- _Problem description_: What you return must match the records below character for character, except that no picture appears.

*** Dataset content ***

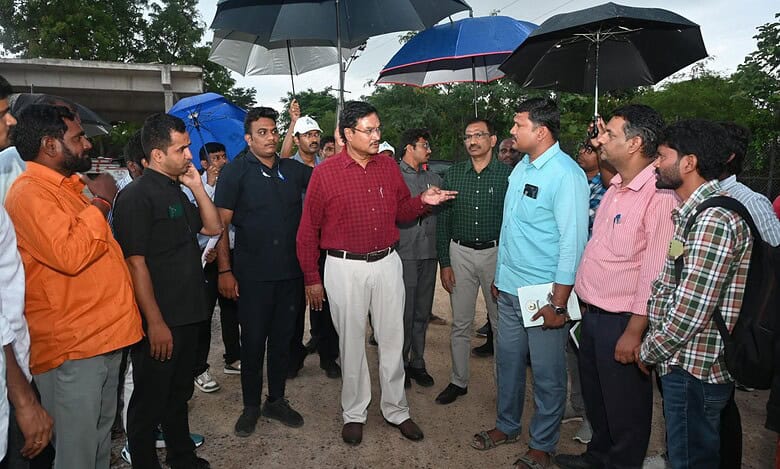 HYDRAA commissioner inspects nala expansion, lakes and encroachments
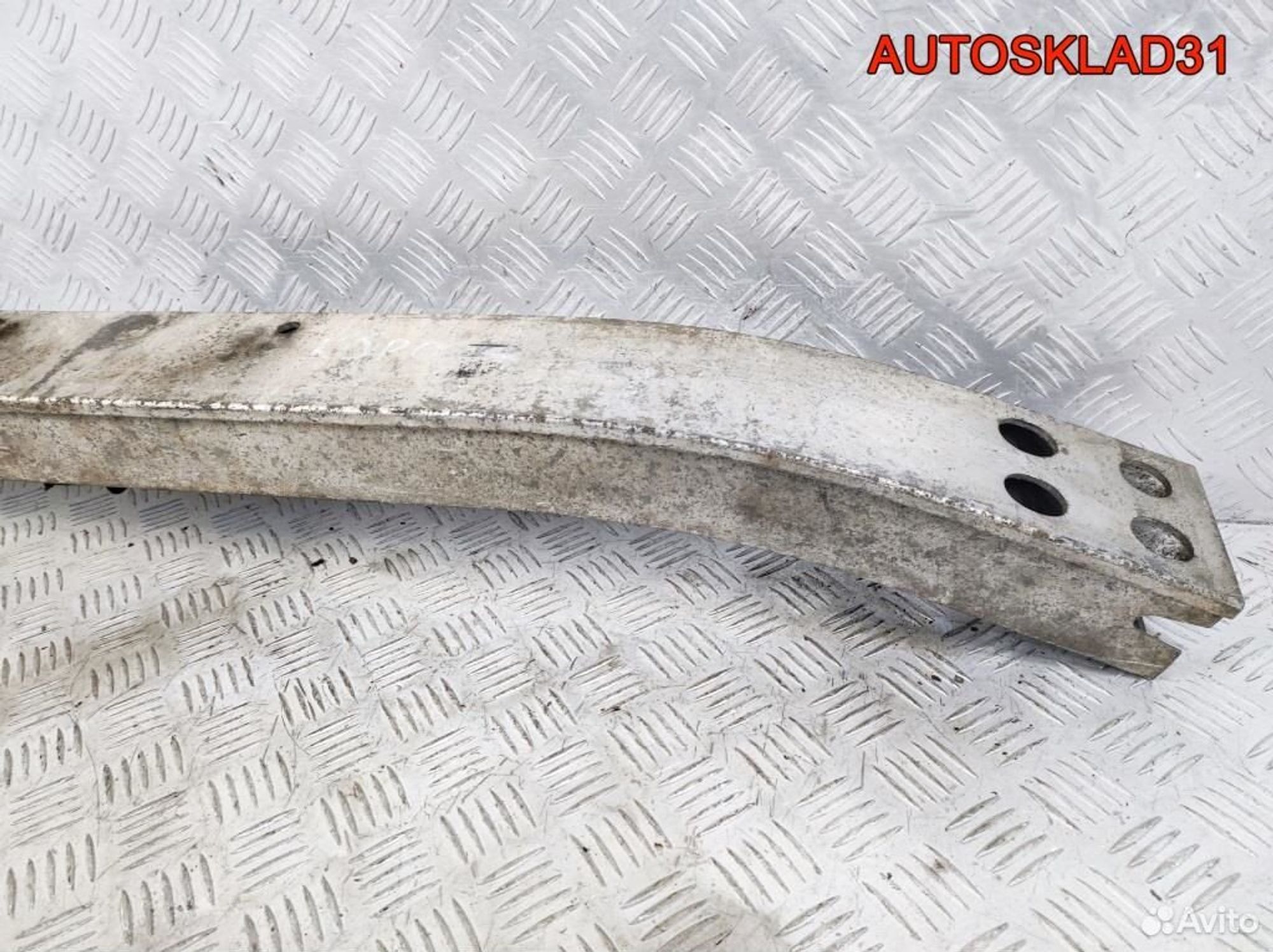 Усилитель переднего бампера Toyota CorollaVerso 2, 3300 рублей, Дубовое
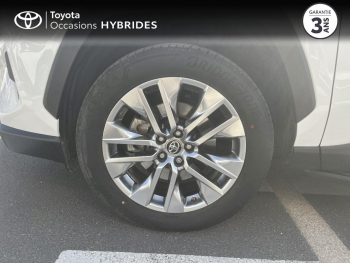 Photo 16 du bon plan TOYOTA RAV4 2.5 Hybride 218ch Lounge 2WD MY24 occasion à 39990 €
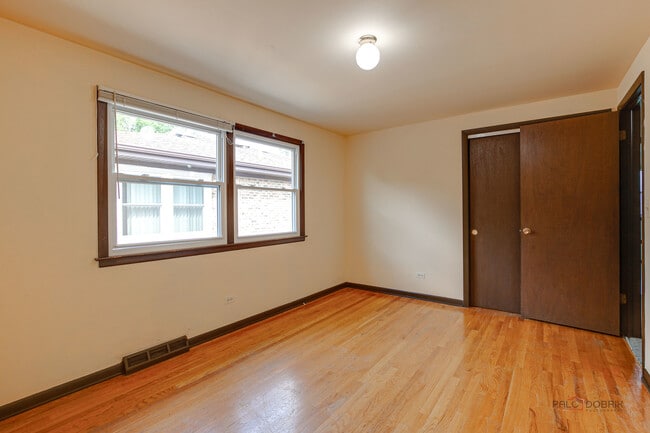 Building Photo - 334 Euclid Ave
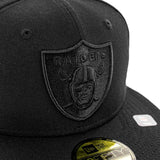 New Era Las Vegas Raiders NFL Black on Black Essential 59Fifty Fitted Cap 60471479-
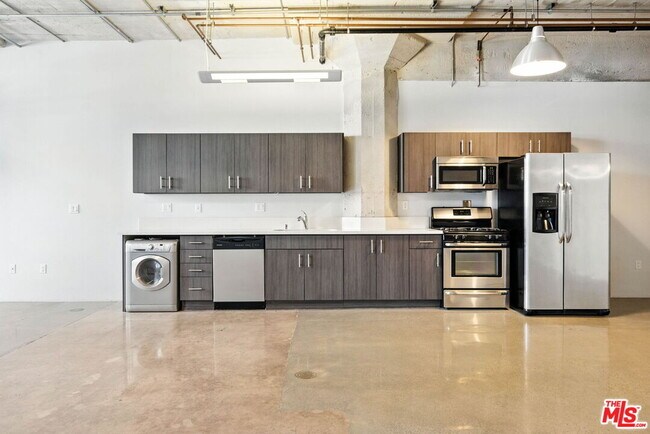 Building Photo - 825 East 4th St Unit 103 Rental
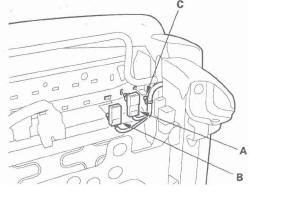 Honda CR-V. Seat Belts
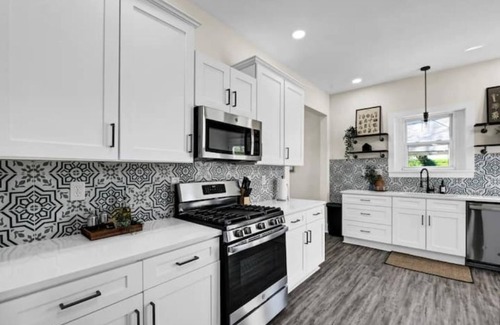 Jeffersonville House | Stunning Victorian Home - prime location minutes from Louisville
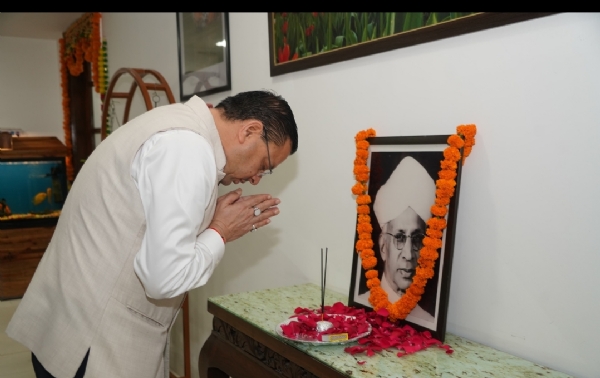 मुख्यमंत्री आवास में मुख्यमंत्री पुष्कर सिंह धामी चित्र पर पुष्प अर्पित करते। मुख्यमंत्री आवास में मुख्यमंत्री पुष्कर सिंह धामी चित्र पर पुष्प अर्पित करते।
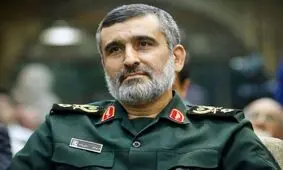 تصویری از سردار شهید حاجی زاده در راهپیمایی اربعین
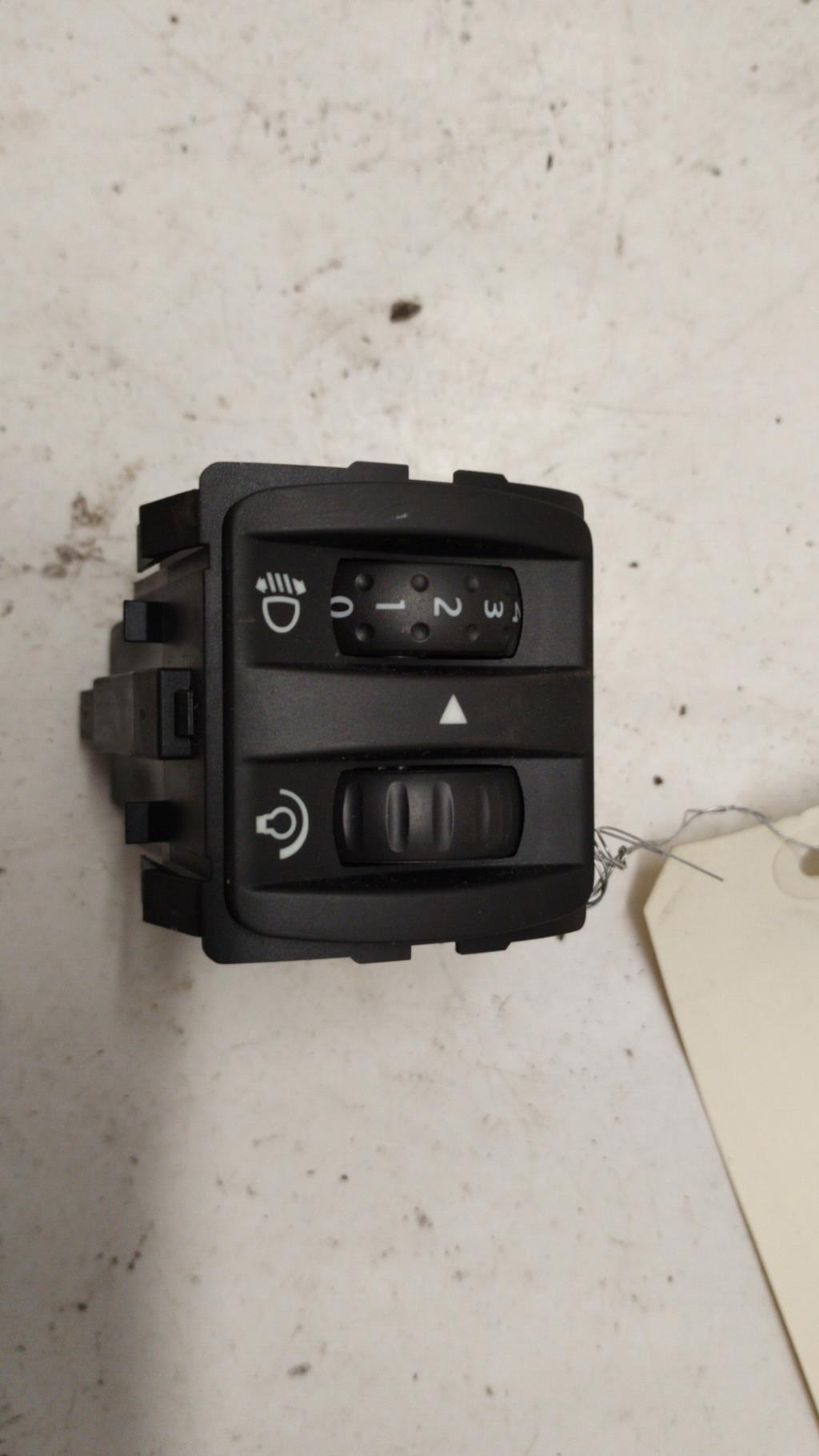 Commande de reglage hauteur de phare RENAULT SCENIC 3 PHASE 1 Diesel - 1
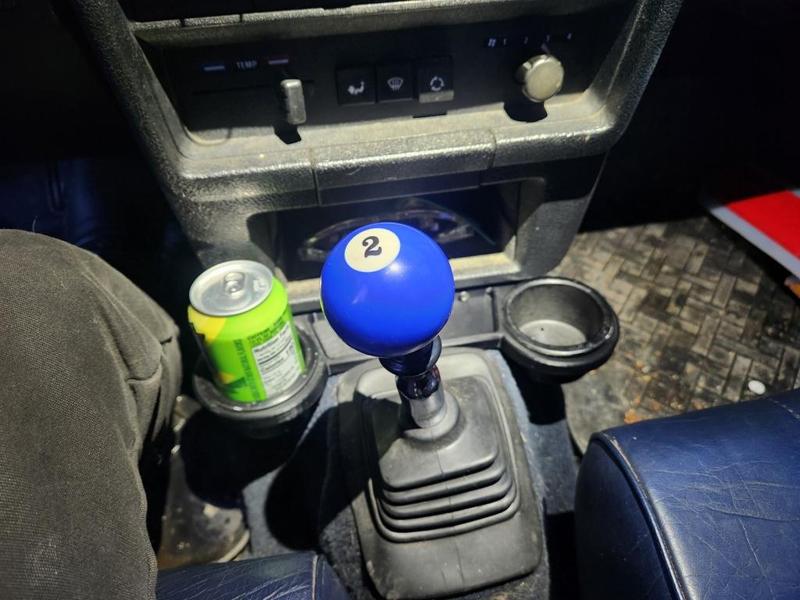 Volvo 240 Cupholder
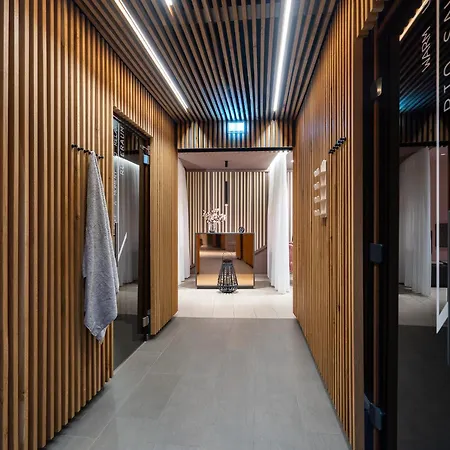 Deluxe-suite 1-02 Mit Ost-loggia Und Schoenem Gartenblick Apartament Lubeka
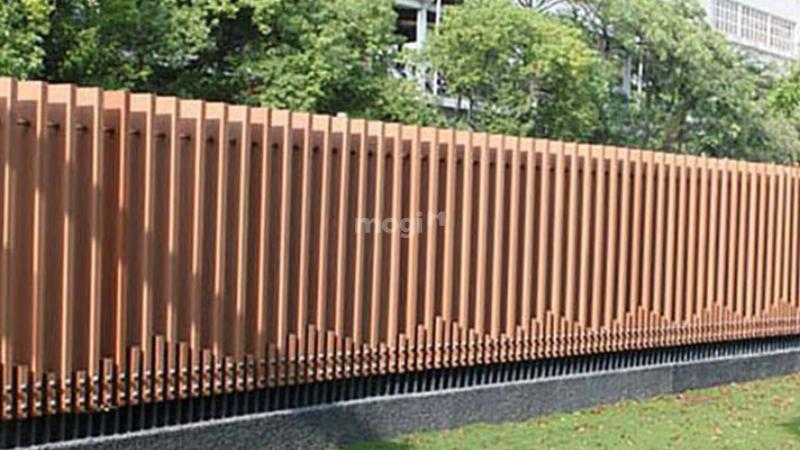 Hàng rào nhựa giả gỗ được sử dụng trong trang trí quán cafe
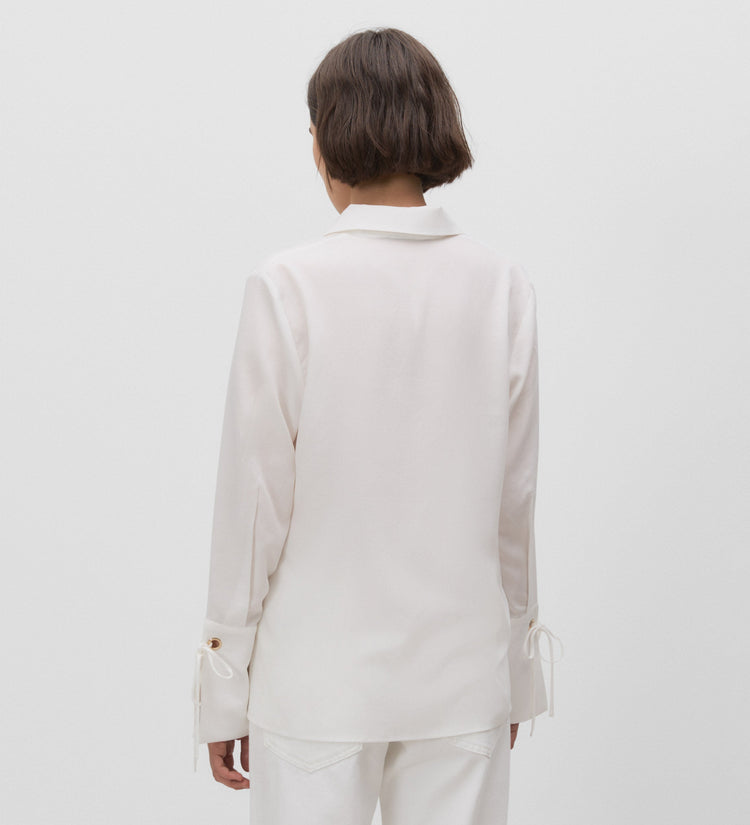 Chemise col V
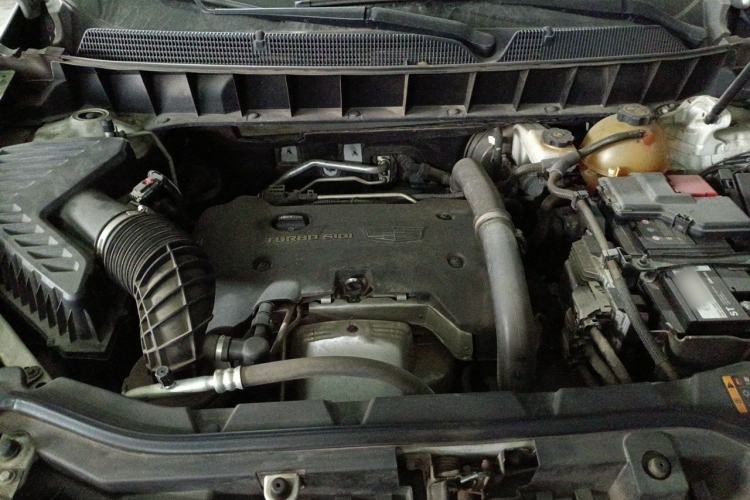 Used Cadillac XT5 2018 25T Luxury Model Engine Bay
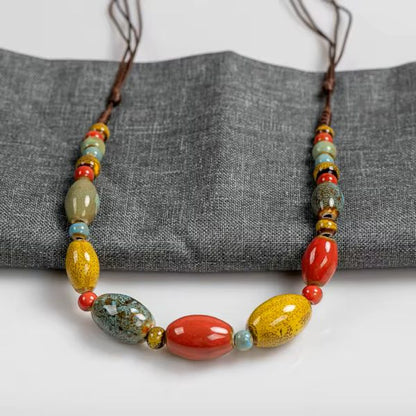 Colliers Pendentifs en perles Céramique – Élégance Artisanale de Martinique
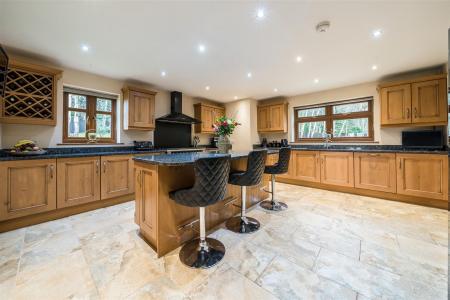 6 bedroom Detached house for sale in Mansfield Road, Papplewick, NG15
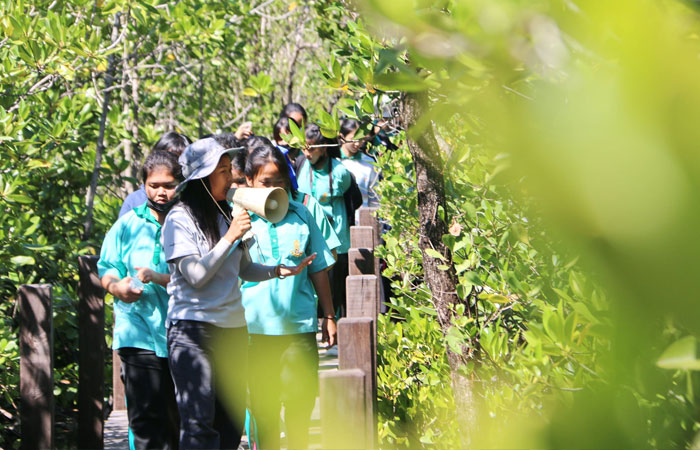 คณะครู นักเรียน โรงเรียนอรัญประเทศ อำเภออรัญประเทศ จังหวัดสระแก้ว ศึกษาดูงานศูนย์ฯ คุ้งกระเบน..คลิก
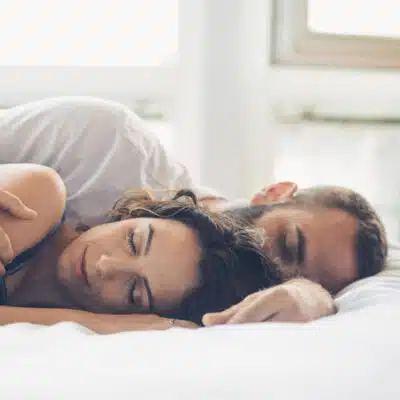 un couple dort paisiblement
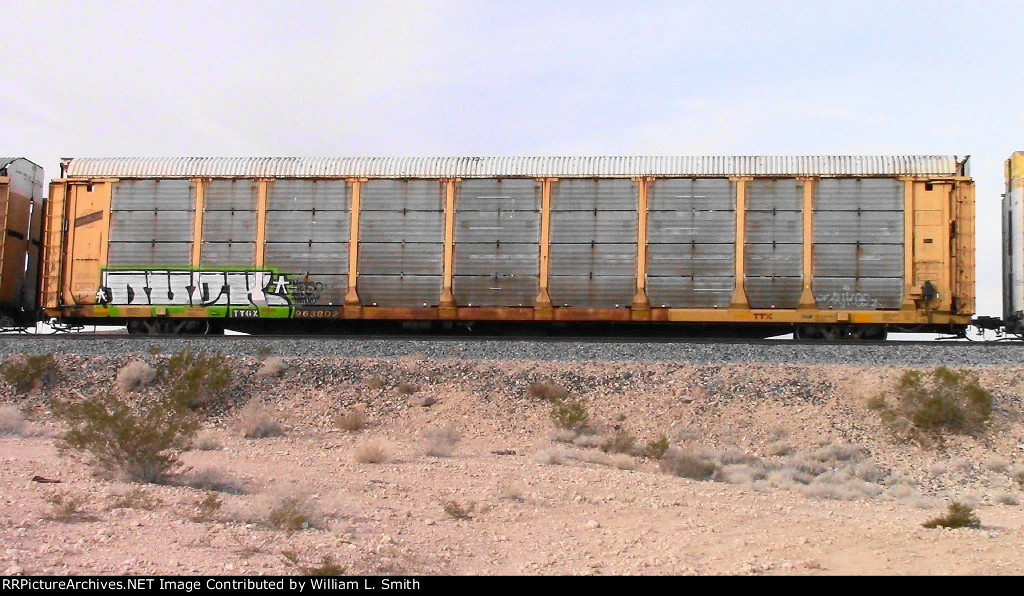 WB Unit Vehicular Flat Car Frt at Erie NV -19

***

- _Answer below_:
 HYDRAA commissioner inspects nala expansion, lakes and encroachments
 Усилитель переднего бампера Toyota CorollaVerso 2, 3300 рублей, Дубовое
 Photo 16 du bon plan TOYOTA RAV4 2.5 Hybride 218ch Lounge 2WD MY24 occasion à 39990 €
 Building Photo - 334 Euclid Ave
 New Era Las Vegas Raiders NFL Black on Black Essential 59Fifty Fitted Cap 60471479-
 Building Photo - 825 East 4th St Unit 103 Rental
 Honda CR-V. Seat Belts
 Jeffersonville House | Stunning Victorian Home - prime location minutes from Louisville
 मुख्यमंत्री आवास में मुख्यमंत्री पुष्कर सिंह धामी चित्र पर पुष्प अर्पित करते। मुख्यमंत्री आवास में मुख्यमंत्री पुष्कर सिंह धामी चित्र पर पुष्प अर्पित करते।
 تصویری از سردار شهید حاجی زاده در راهپیمایی اربعین
 Commande de reglage hauteur de phare RENAULT SCENIC 3 PHASE 1 Diesel - 1
 Volvo 240 Cupholder
 Deluxe-suite 1-02 Mit Ost-loggia Und Schoenem Gartenblick Apartament Lubeka
 Hàng rào nhựa giả gỗ được sử dụng trong trang trí quán cafe
 Chemise col V
 Used Cadillac XT5 2018 25T Luxury Model Engine Bay
 Colliers Pendentifs en perles Céramique – Élégance Artisanale de Martinique
 6 bedroom Detached house for sale in Mansfield Road, Papplewick, NG15
 คณะครู นักเรียน โรงเรียนอรัญประเทศ อำเภออรัญประเทศ จังหวัดสระแก้ว ศึกษาดูงานศูนย์ฯ คุ้งกระเบน..คลิก
 un couple dort paisiblement
 WB Unit Vehicular Flat Car Frt at Erie NV -19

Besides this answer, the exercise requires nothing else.